Publicado en “elNuevo Herald” de Miami (sábado 27 abril 2019)
Es posible que el hombre avance inexorable hacia una patética condición acuática: inodora, incolora, insípida y hasta indolora. Por el camino de la robotización podría estar condenado a la desgracia de la inmortalidad. Se haría metálico o quizás de fibra de vidrio, electrónico, alérgico a la conversación, sordo al rumor de las cascadas y el trino de los pájaros, desentendido del olor de las especies, el sabor del mango o la frescura de la sandía, desatento al llamado de la hembra, en fin, ajeno a lo que Darío celebró como “una sensual hiperestesia humana”.
Desde que el recio Santo Tomás Moro sufrió martirio del rey por postular su utopía (el sueño de un mundo iluminado por el amor al prójimo) las que vinieron después fueron una calamidad.
Las de los fascistas que asesinaban en nombre de la superioridad racial, los teocráticos que mataban por amor a Dios, los comunistas homicidas en homenaje al supuesto partido del proletariado, y hasta los capitalistas, con menos deliberación criminal, pero empeñados en sacrificar la felicidad genuinamente humana en el altar del dinero.

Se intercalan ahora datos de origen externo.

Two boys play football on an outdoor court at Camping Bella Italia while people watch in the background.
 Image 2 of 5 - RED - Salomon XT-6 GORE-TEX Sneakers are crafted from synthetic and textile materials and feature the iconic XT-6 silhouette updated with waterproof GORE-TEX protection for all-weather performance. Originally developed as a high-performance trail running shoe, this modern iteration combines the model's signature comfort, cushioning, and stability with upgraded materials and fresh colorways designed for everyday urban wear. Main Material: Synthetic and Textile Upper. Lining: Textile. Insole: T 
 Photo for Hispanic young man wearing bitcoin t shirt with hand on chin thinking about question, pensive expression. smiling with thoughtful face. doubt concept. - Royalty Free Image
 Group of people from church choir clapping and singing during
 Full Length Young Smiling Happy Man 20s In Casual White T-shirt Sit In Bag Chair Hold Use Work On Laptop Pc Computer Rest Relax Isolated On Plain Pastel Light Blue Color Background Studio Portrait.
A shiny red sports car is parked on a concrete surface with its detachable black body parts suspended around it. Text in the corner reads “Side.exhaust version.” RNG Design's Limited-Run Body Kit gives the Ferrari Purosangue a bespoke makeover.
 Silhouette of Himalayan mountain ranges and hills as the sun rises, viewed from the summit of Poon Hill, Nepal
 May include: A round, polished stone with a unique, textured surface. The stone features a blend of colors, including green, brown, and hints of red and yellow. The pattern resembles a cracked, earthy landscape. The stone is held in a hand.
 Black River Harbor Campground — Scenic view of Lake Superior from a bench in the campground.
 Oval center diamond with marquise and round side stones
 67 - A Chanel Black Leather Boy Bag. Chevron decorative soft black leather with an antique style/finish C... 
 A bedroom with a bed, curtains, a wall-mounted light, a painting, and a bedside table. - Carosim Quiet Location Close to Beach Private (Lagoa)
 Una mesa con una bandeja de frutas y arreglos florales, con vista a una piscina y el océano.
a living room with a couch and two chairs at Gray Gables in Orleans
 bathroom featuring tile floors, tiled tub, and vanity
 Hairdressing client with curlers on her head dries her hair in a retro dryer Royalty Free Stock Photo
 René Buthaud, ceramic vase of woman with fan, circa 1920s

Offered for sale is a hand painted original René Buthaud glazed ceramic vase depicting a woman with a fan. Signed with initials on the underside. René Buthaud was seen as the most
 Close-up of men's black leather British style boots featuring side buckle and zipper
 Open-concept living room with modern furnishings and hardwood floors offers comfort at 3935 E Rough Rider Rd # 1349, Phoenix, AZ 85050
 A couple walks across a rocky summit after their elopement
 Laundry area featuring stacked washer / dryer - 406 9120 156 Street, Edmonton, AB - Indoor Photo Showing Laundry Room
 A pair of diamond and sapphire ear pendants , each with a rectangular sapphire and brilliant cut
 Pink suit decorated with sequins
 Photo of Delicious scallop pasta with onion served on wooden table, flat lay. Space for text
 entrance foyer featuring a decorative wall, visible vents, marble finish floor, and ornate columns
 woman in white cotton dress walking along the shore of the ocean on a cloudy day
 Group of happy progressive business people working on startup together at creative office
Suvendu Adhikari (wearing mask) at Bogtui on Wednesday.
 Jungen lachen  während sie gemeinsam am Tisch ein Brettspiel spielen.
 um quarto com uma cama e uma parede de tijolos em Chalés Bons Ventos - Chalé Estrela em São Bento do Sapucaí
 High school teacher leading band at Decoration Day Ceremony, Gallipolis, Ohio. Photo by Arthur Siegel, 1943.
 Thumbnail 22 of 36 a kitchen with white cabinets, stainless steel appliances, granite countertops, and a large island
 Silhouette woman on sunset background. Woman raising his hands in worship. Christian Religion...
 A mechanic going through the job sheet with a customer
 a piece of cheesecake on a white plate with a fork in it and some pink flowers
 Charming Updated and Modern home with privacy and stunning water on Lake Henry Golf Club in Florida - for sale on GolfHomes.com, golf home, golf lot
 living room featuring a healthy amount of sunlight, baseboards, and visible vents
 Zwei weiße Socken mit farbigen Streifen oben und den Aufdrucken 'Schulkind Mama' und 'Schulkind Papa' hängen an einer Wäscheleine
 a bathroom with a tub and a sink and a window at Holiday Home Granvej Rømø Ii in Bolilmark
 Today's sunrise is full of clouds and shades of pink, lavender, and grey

Hace poco escuché a una joven brillante afirmar que se había hecho hermética a toda utopía. La frase delata confusión entre utopía y dogmatismo, dos categorías más que distintas contradictorias.
La nueva utopía convoca a proteger la naturaleza vapuleada por la contaminación y el consumismo, antes que ella sea arrasada y nosotros con ella.
A la colaboración interpersonal, la comunicación directa (conversación), la solidaridad social para rescatar mediante la educación, salud y seguridad universales, a los pobres del desamparo y a los ricos del aturdimiento codicioso.
A eludir sin conservatismo inútil el dominio de la tecnología y la digitalización, para que la humanidad persista y no terminemos de androides asexuados, aburridos y repletos de conocimiento mezquino.